## [Stored data entries]
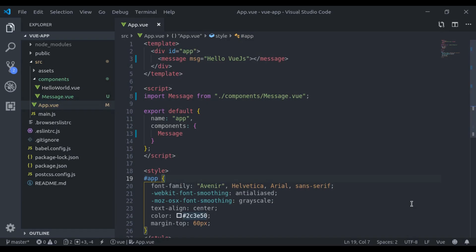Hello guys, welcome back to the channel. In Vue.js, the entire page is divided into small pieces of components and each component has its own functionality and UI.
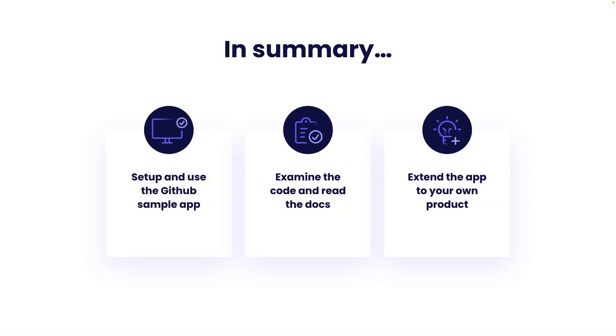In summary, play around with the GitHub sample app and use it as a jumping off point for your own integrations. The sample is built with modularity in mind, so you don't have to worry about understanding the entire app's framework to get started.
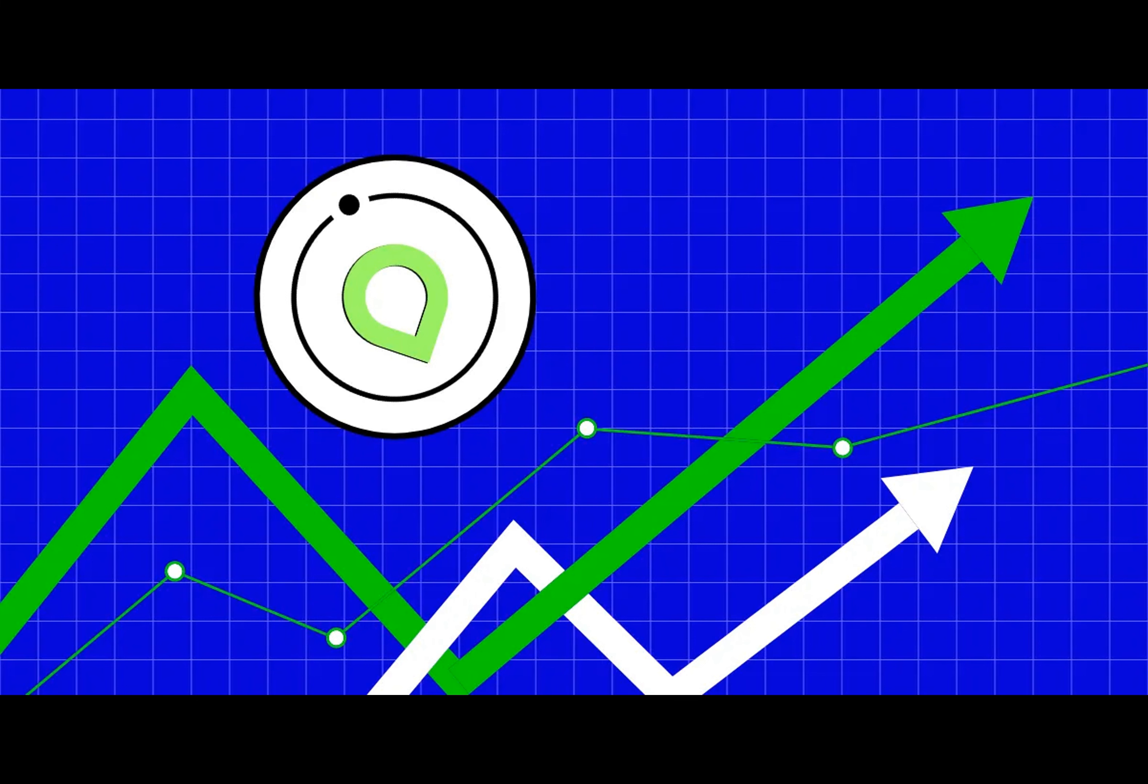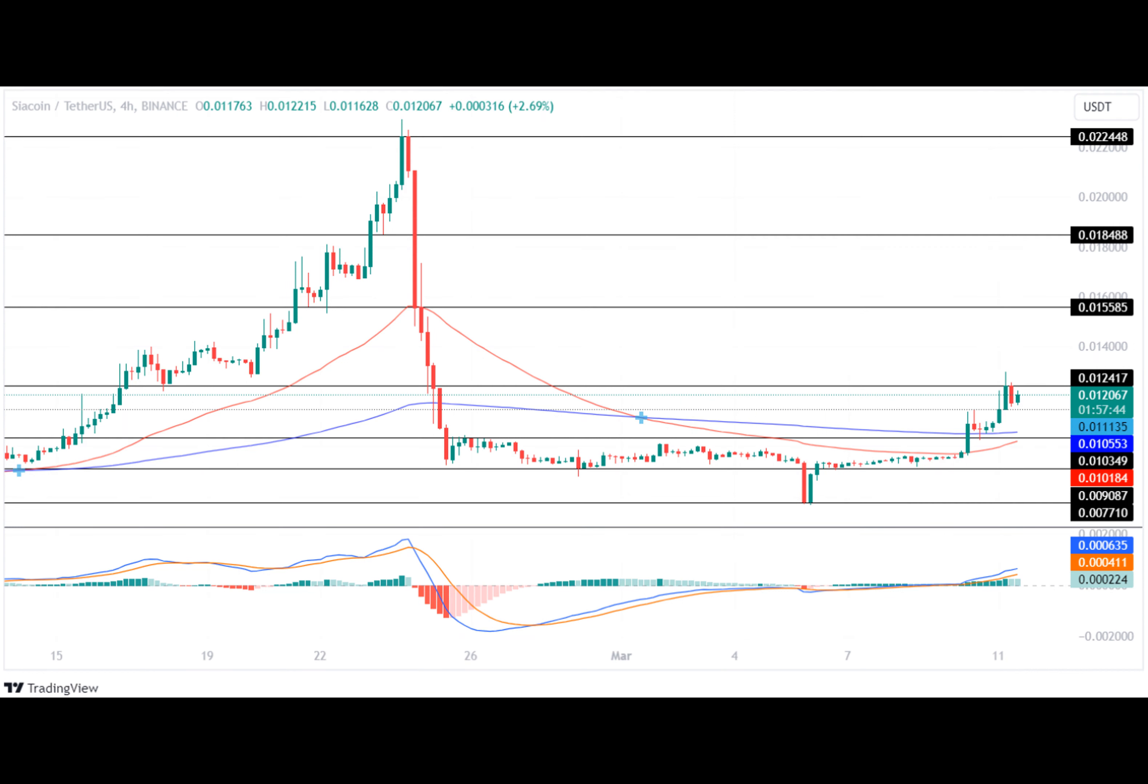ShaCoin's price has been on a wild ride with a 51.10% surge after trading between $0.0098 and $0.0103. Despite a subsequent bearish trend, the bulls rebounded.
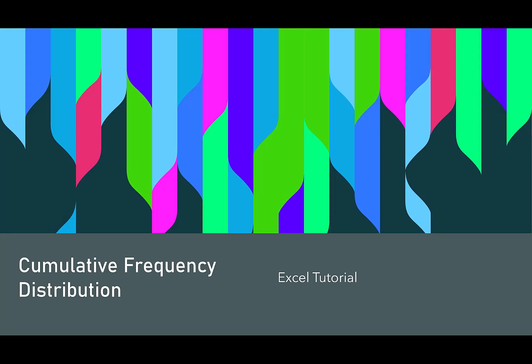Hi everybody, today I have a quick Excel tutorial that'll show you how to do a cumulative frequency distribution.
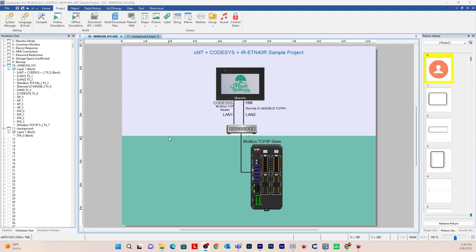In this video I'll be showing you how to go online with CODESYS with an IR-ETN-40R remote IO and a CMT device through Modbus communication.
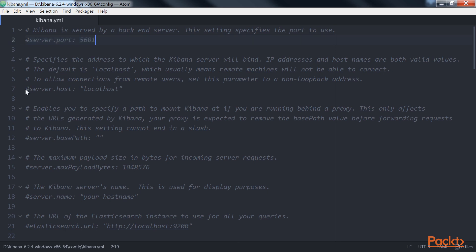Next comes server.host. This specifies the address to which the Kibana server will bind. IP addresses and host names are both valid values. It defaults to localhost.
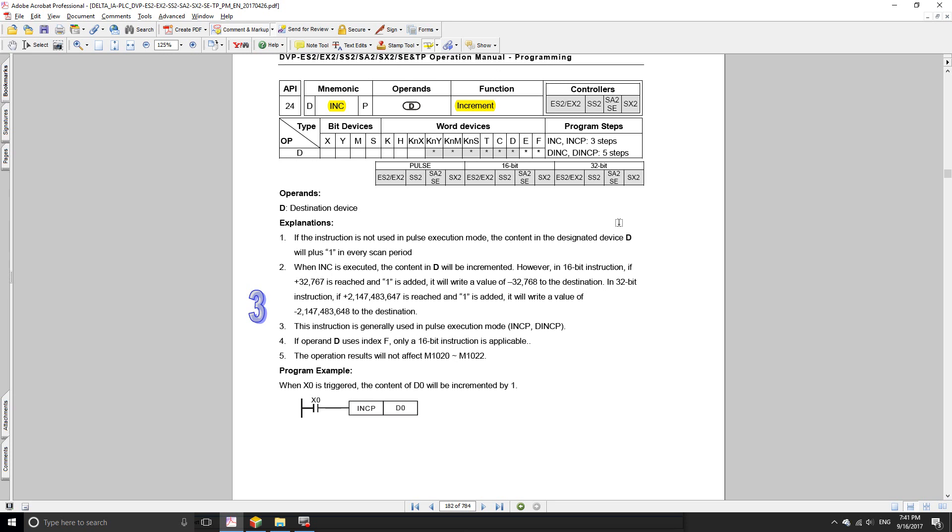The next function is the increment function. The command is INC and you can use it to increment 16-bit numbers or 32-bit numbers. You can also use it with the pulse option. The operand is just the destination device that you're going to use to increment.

## [WHAT THE TASK REQUIRES]
Return exactly the lines from the one with "In summary, play" through the last line of the entries above, both ends included. No pictures may appear in the copy.

## [RESULT]
In summary, play around with the GitHub sample app and use it as a jumping off point for your own integrations. The sample is built with modularity in mind, so you don't have to worry about understanding the entire app's framework to get started.
ShaCoin's price has been on a wild ride with a 51.10% surge after trading between $0.0098 and $0.0103. Despite a subsequent bearish trend, the bulls rebounded.
Hi everybody, today I have a quick Excel tutorial that'll show you how to do a cumulative frequency distribution.
In this video I'll be showing you how to go online with CODESYS with an IR-ETN-40R remote IO and a CMT device through Modbus communication.
Next comes server.host. This specifies the address to which the Kibana server will bind. IP addresses and host names are both valid values. It defaults to localhost.
The next function is the increment function. The command is INC and you can use it to increment 16-bit numbers or 32-bit numbers. You can also use it with the pulse option. The operand is just the destination device that you're going to use to increment.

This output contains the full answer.